Karena banyak yang kecewa dengan sikap dan fokus kebijakan pertahanan darat yang diciptakan oleh Trenggono, maka terjadilah aliansi kekuatan secara diam-diam antara pasukan Tuban (serpihan dari Kerajaan Majapahit), Bugis, Aceh, dan Jepara. Tujuannya satu, menyerang Portugis yang bercokol di Malaka! Namun, adanya aliansi itu bisa dibaca oleh Trenggono. Demak kemudian juga ikut gabung dalam rencana ekspansi tersebut. Panglimanya yang ditunjuk adalah Fatahillah (Feletehan). Dibuatlah kesepakatan bersama untuk mengusir Portugis dari Malaka.

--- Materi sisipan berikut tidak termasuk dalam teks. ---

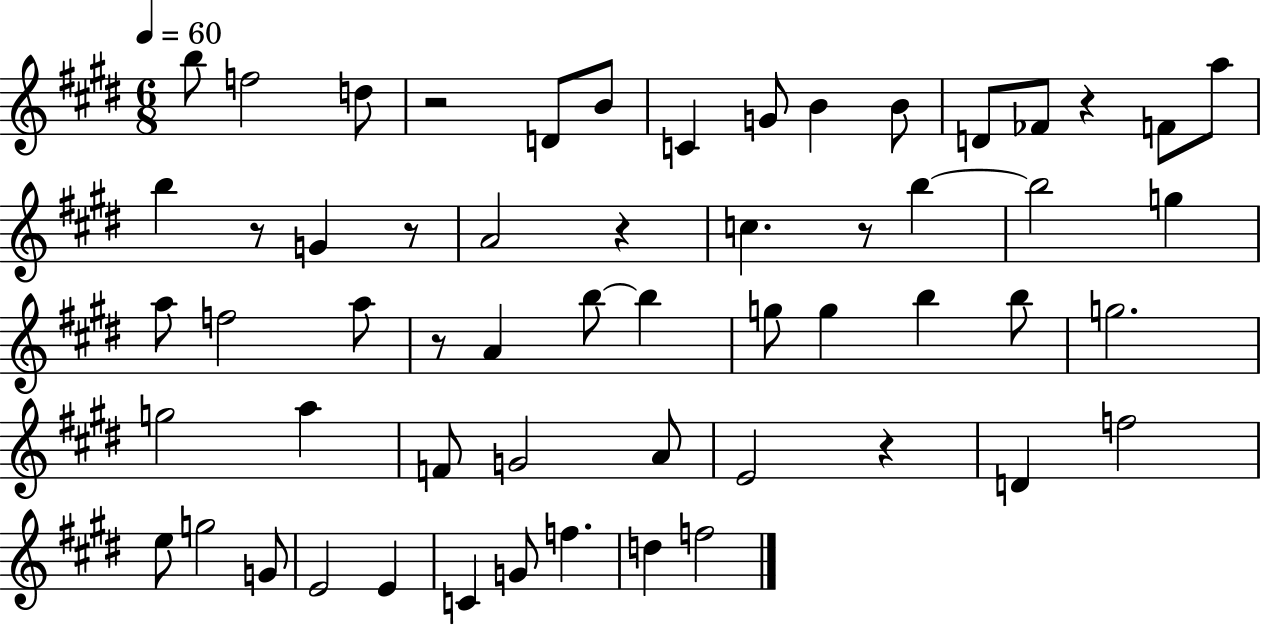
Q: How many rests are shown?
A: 8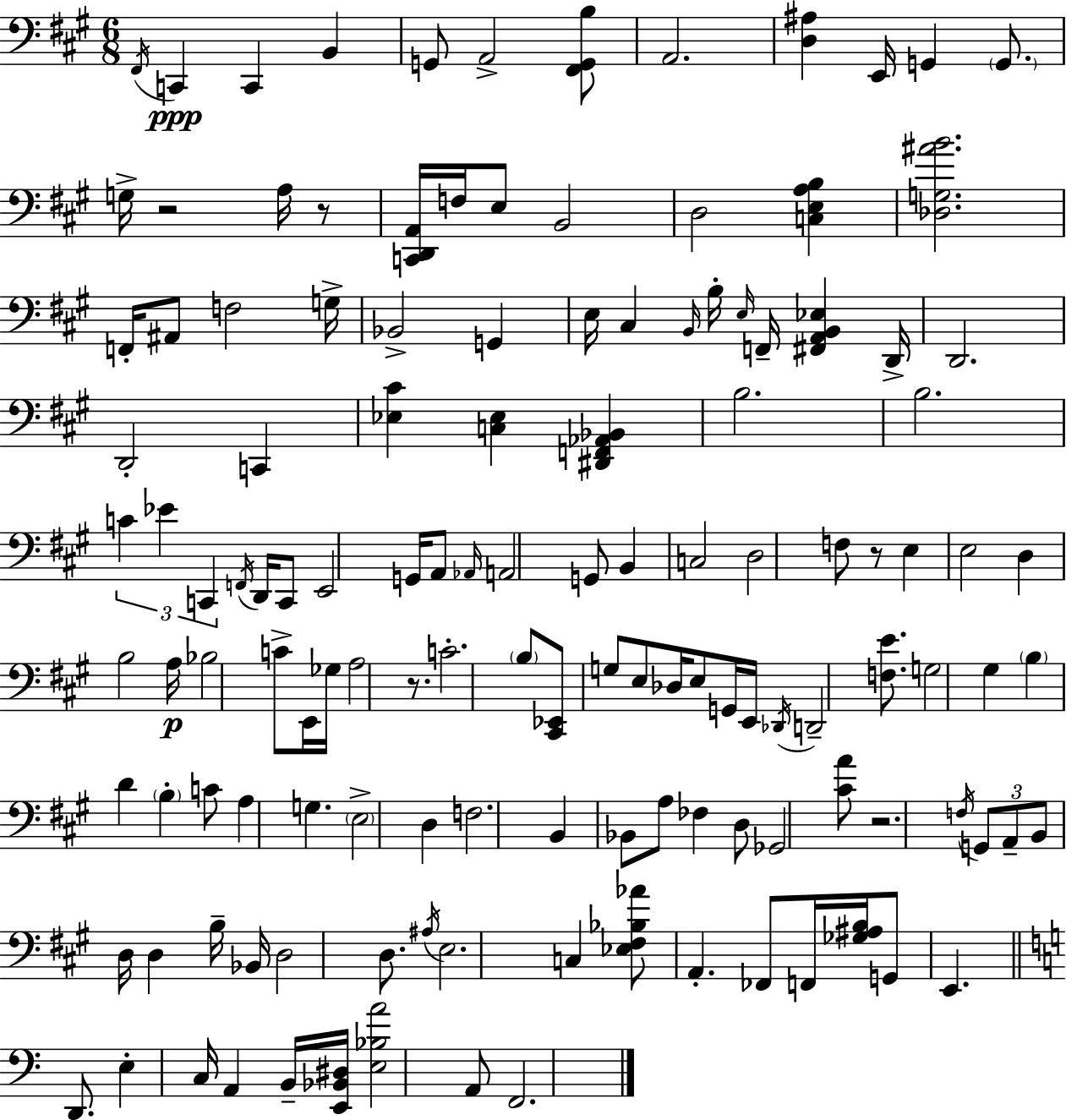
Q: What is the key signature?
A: A major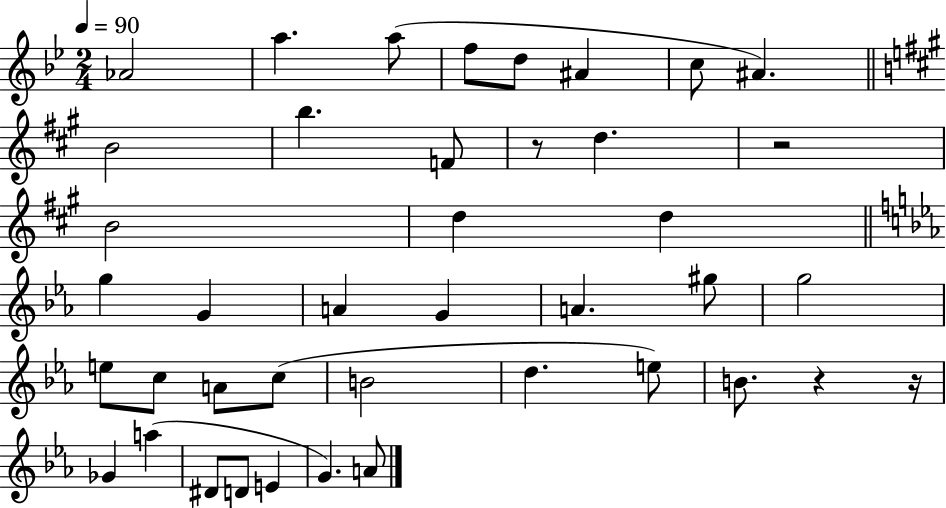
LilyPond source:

{
  \clef treble
  \numericTimeSignature
  \time 2/4
  \key bes \major
  \tempo 4 = 90
  \repeat volta 2 { aes'2 | a''4. a''8( | f''8 d''8 ais'4 | c''8 ais'4.) | \break \bar "||" \break \key a \major b'2 | b''4. f'8 | r8 d''4. | r2 | \break b'2 | d''4 d''4 | \bar "||" \break \key ees \major g''4 g'4 | a'4 g'4 | a'4. gis''8 | g''2 | \break e''8 c''8 a'8 c''8( | b'2 | d''4. e''8) | b'8. r4 r16 | \break ges'4 a''4( | dis'8 d'8 e'4 | g'4.) a'8 | } \bar "|."
}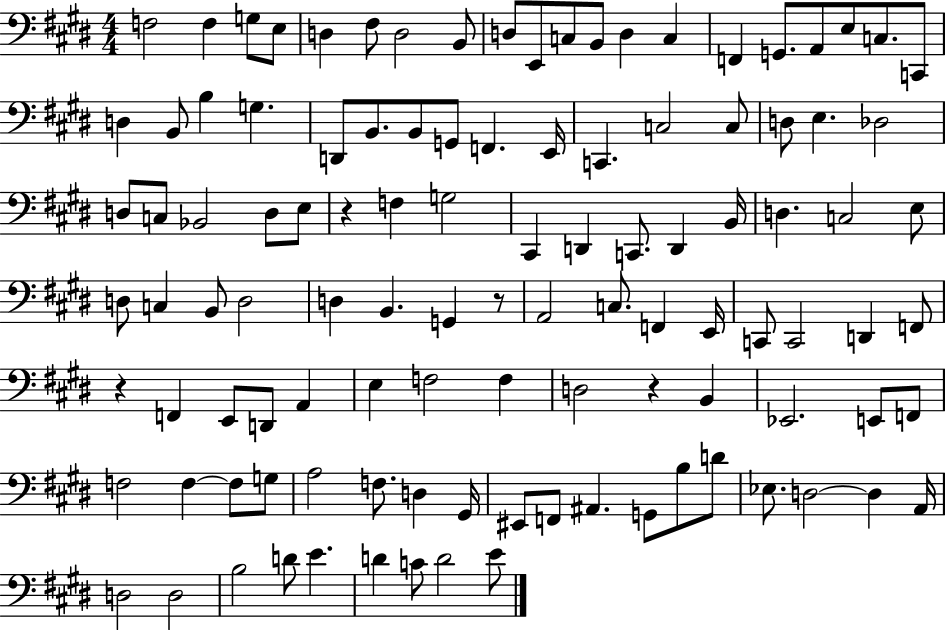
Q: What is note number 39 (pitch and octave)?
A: Bb2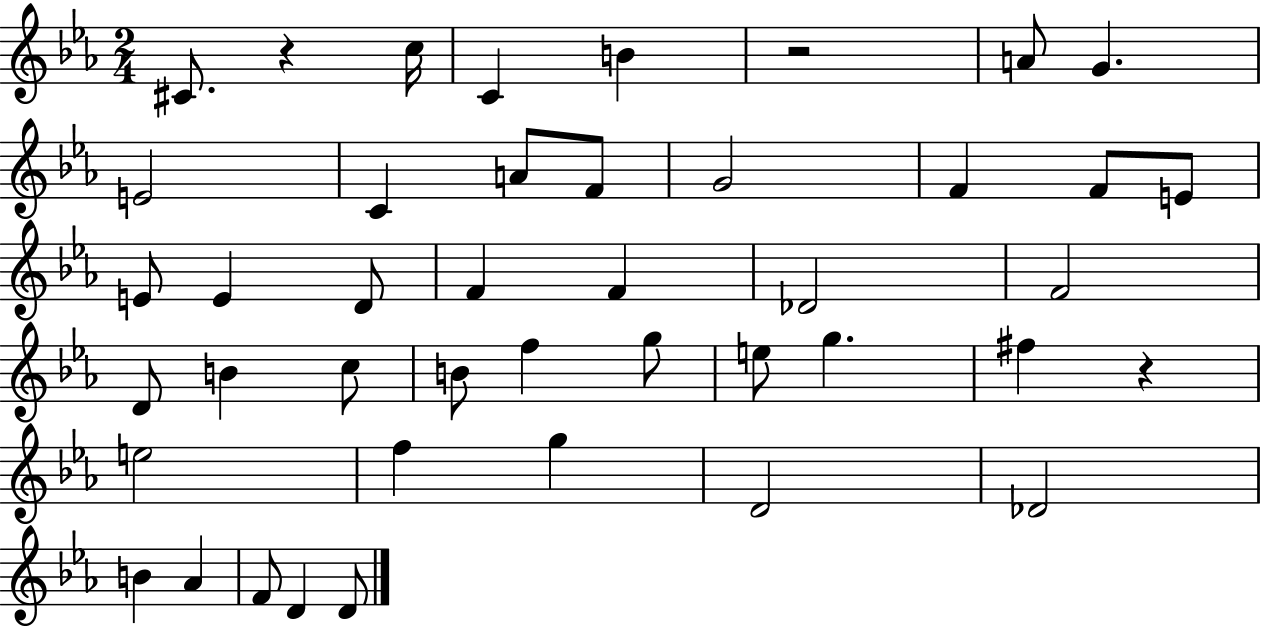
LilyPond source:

{
  \clef treble
  \numericTimeSignature
  \time 2/4
  \key ees \major
  cis'8. r4 c''16 | c'4 b'4 | r2 | a'8 g'4. | \break e'2 | c'4 a'8 f'8 | g'2 | f'4 f'8 e'8 | \break e'8 e'4 d'8 | f'4 f'4 | des'2 | f'2 | \break d'8 b'4 c''8 | b'8 f''4 g''8 | e''8 g''4. | fis''4 r4 | \break e''2 | f''4 g''4 | d'2 | des'2 | \break b'4 aes'4 | f'8 d'4 d'8 | \bar "|."
}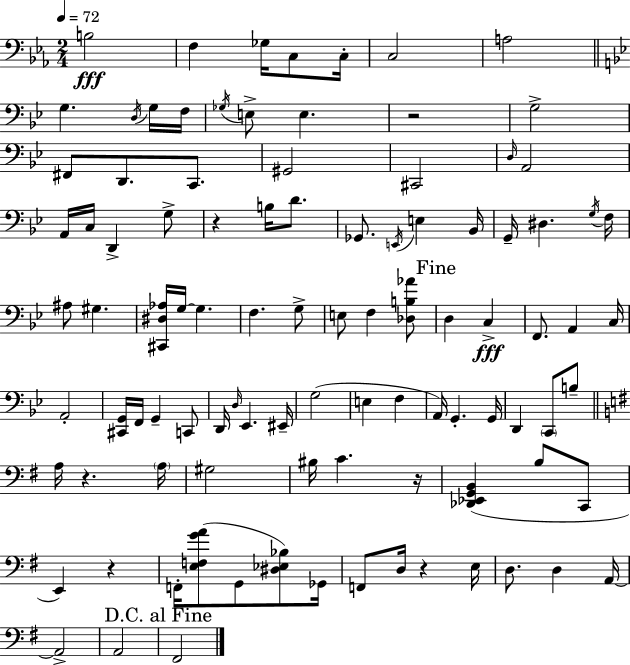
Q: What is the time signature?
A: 2/4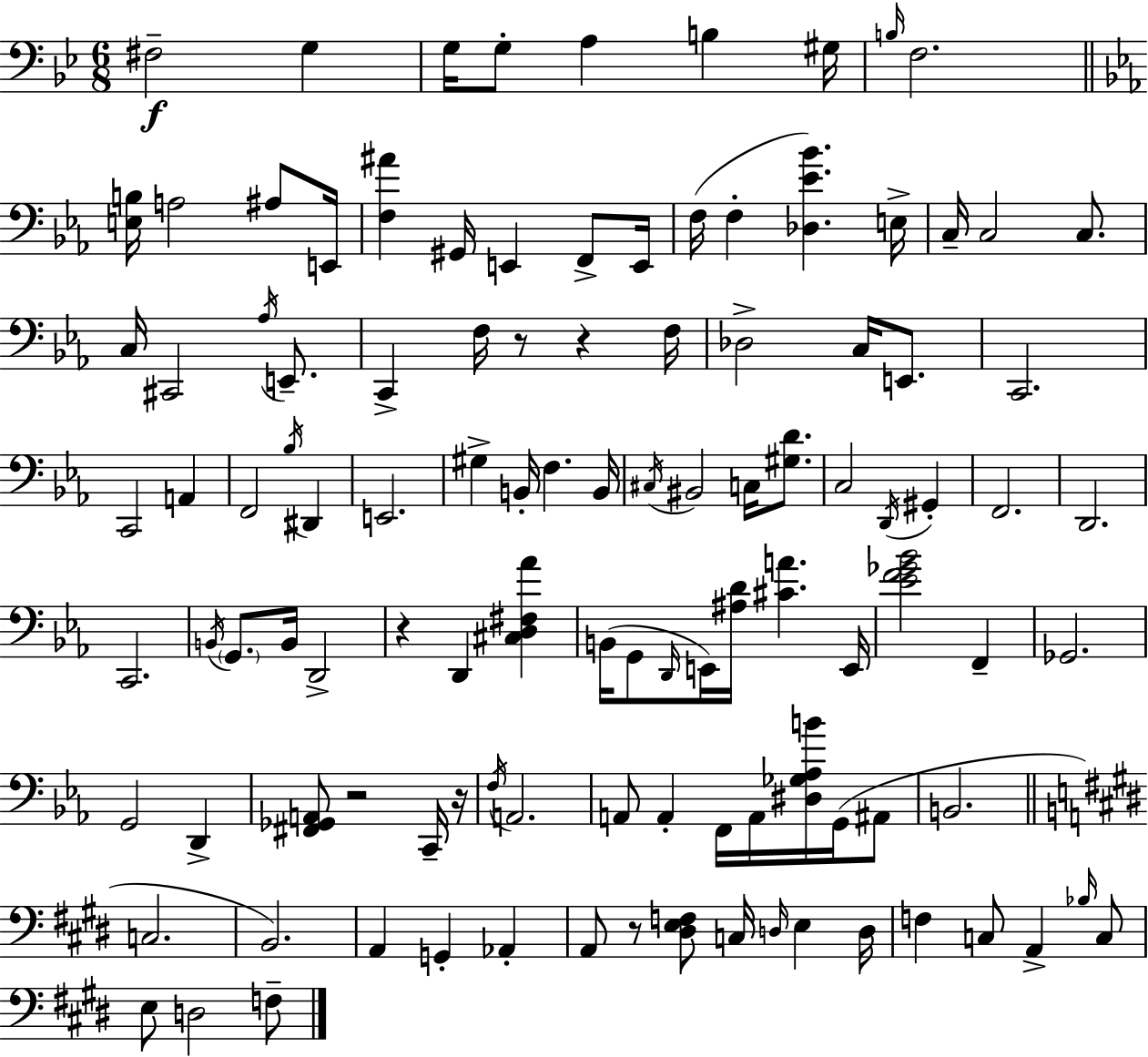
{
  \clef bass
  \numericTimeSignature
  \time 6/8
  \key bes \major
  fis2--\f g4 | g16 g8-. a4 b4 gis16 | \grace { b16 } f2. | \bar "||" \break \key ees \major <e b>16 a2 ais8 e,16 | <f ais'>4 gis,16 e,4 f,8-> e,16 | f16( f4-. <des ees' bes'>4.) e16-> | c16-- c2 c8. | \break c16 cis,2 \acciaccatura { aes16 } e,8.-- | c,4-> f16 r8 r4 | f16 des2-> c16 e,8. | c,2. | \break c,2 a,4 | f,2 \acciaccatura { bes16 } dis,4 | e,2. | gis4-> b,16-. f4. | \break b,16 \acciaccatura { cis16 } bis,2 c16 | <gis d'>8. c2 \acciaccatura { d,16 } | gis,4-. f,2. | d,2. | \break c,2. | \acciaccatura { b,16 } \parenthesize g,8. b,16 d,2-> | r4 d,4 | <cis d fis aes'>4 b,16( g,8 \grace { d,16 }) e,16 <ais d'>16 <cis' a'>4. | \break e,16 <ees' f' ges' bes'>2 | f,4-- ges,2. | g,2 | d,4-> <fis, ges, a,>8 r2 | \break c,16-- r16 \acciaccatura { f16 } a,2. | a,8 a,4-. | f,16 a,16 <dis ges aes b'>16 g,16( ais,8 b,2. | \bar "||" \break \key e \major c2. | b,2.) | a,4 g,4-. aes,4-. | a,8 r8 <dis e f>8 c16 \grace { d16 } e4 | \break d16 f4 c8 a,4-> \grace { bes16 } | c8 e8 d2 | f8-- \bar "|."
}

Terjadilah pengkhianatan itu. Pasukan Tuban begitu tiba di Malaka menyaksikan sebuah kenyataan yang menyakitkan. Gabungan pasukan Aceh dan Bugis kocar-kacir melawan meriam-meriam Portugis sebelum mereka mampu melakukan pendaratan di tanah Malaka. Pasukan Demak yang ditunggu-tunggu tidak hadir juga. Bantuan pasukan Tuban tak begitu berarti. Mereka dengan mudah dihalau oleh kekuatan Portugis dan akhirnya terdesak ke pedalaman Malaka. Karena semakin terdesak, dan untuk menghindarkan diri dari pengejaran tentara Portugis, mereka lambat-laun beralih profesi dari tentara menjadi petani, kemudian berbaur (kawin campur) dengan penduduk lokal. Inilah awal-mula adanya nenek-moyang orang Jawa yang berada di Malaka. Padahal, Portugis waktu itu sangat ketakutan dengan aliansi Jawa itu. Ketika mendengar akan diserang, mereka memindahkan benteng pertahanan yang berada di pinggir pantai menuju ke tempat yang agak masuk ke pedalaman.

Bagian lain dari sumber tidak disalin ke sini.